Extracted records
++++++

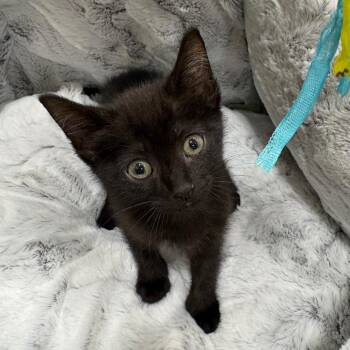 Desiree -  Domestic Short Hair Cat for Adoption in NEW PT RICHEY, Florida - Desiree | PetCurious
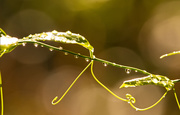 2nd Oct 2019 - Vine and Dewdrops!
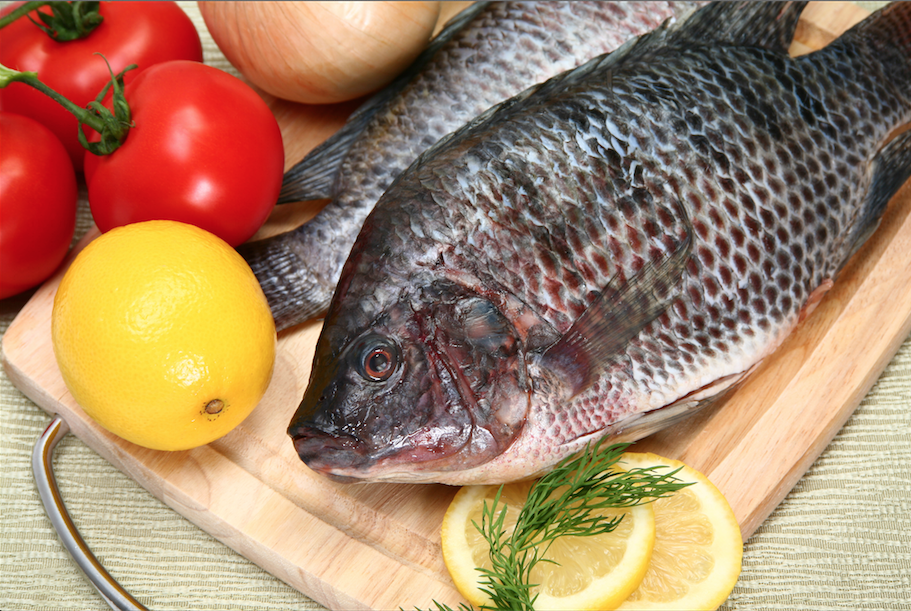 Рыба тилапия: что за рыба, где водится, калорийность, польза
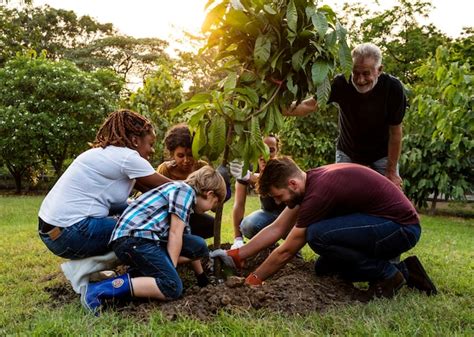 Grupo De Personas Plantar Un árbol Juntos Al Aire Libre Foto Premium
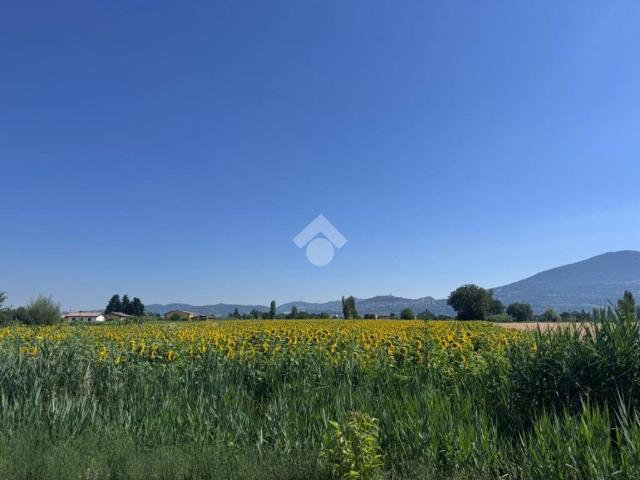 Villa in vendita a Assisi PG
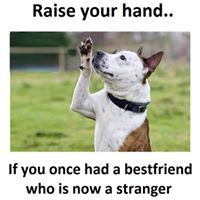 Isingoma Christopher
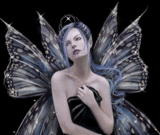 Hadalu-mayovioleta0503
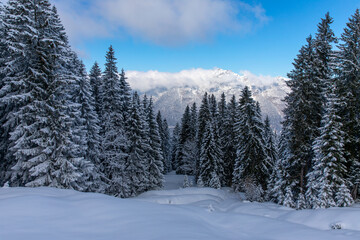 Fototapeta na wymiar Snow covered pine trees in alpine forest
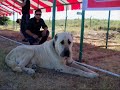 turkish shepherd dog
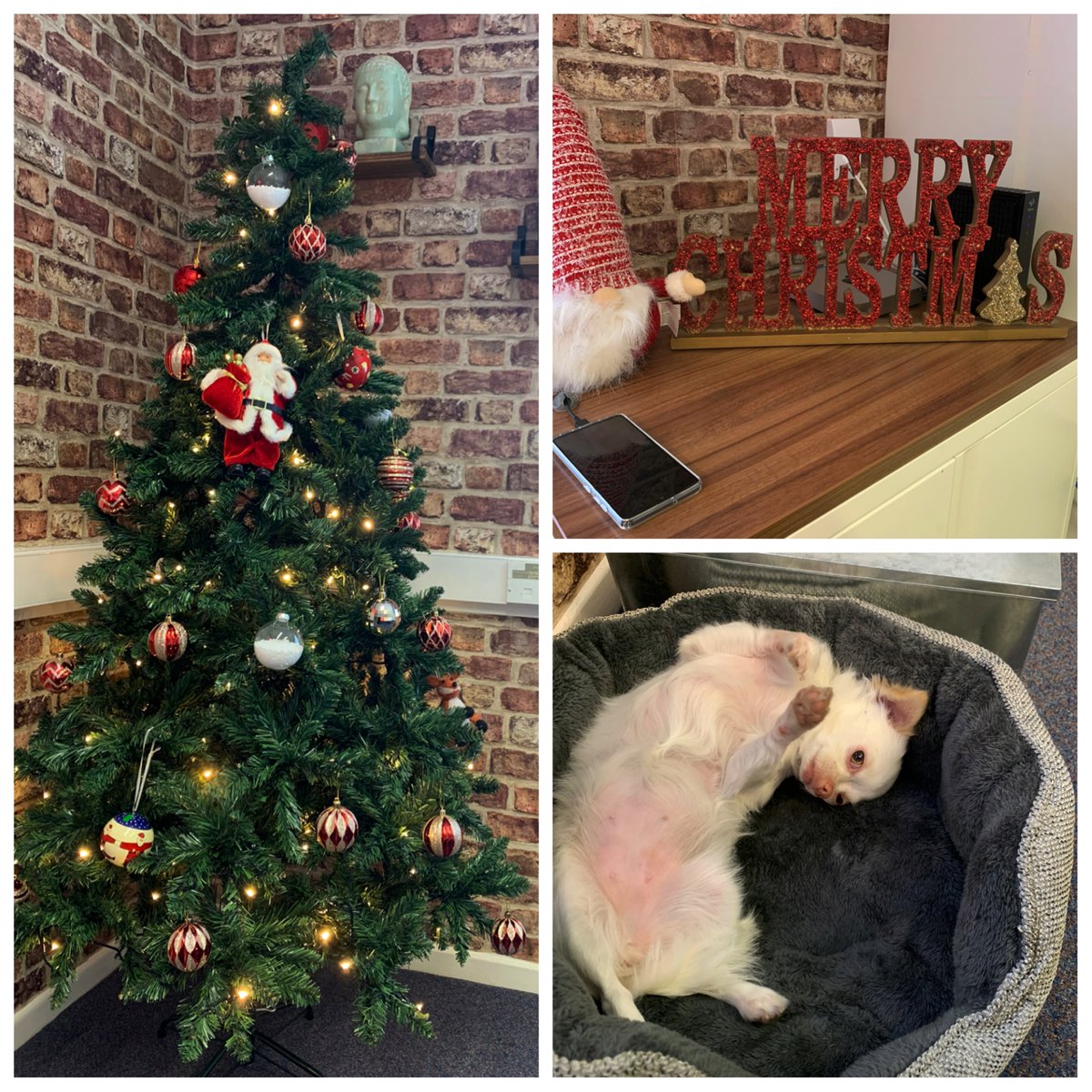 Hello December!!!!

It’s a good day at Bright RED. The Christmas tree is up and we’ve got the cutest little visitor. Pippa has come to work with us today.

Are you all feeling festive yet?

#December1st #december2021 #christmas2021 #officedog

++++++

ASSIGNMENT
Please write every line above out exactly as given, except for any pictures.

OUTPUT
 Desiree -  Domestic Short Hair Cat for Adoption in NEW PT RICHEY, Florida - Desiree | PetCurious
 2nd Oct 2019 - Vine and Dewdrops!
 Рыба тилапия: что за рыба, где водится, калорийность, польза
 Grupo De Personas Plantar Un árbol Juntos Al Aire Libre Foto Premium
 Villa in vendita a Assisi PG
 Isingoma Christopher
 Hadalu-mayovioleta0503
 Fototapeta na wymiar Snow covered pine trees in alpine forest
 turkish shepherd dog
 Hello December!!!!

It’s a good day at Bright RED. The Christmas tree is up and we’ve got the cutest little visitor. Pippa has come to work with us today.

Are you all feeling festive yet?

#December1st #december2021 #christmas2021 #officedog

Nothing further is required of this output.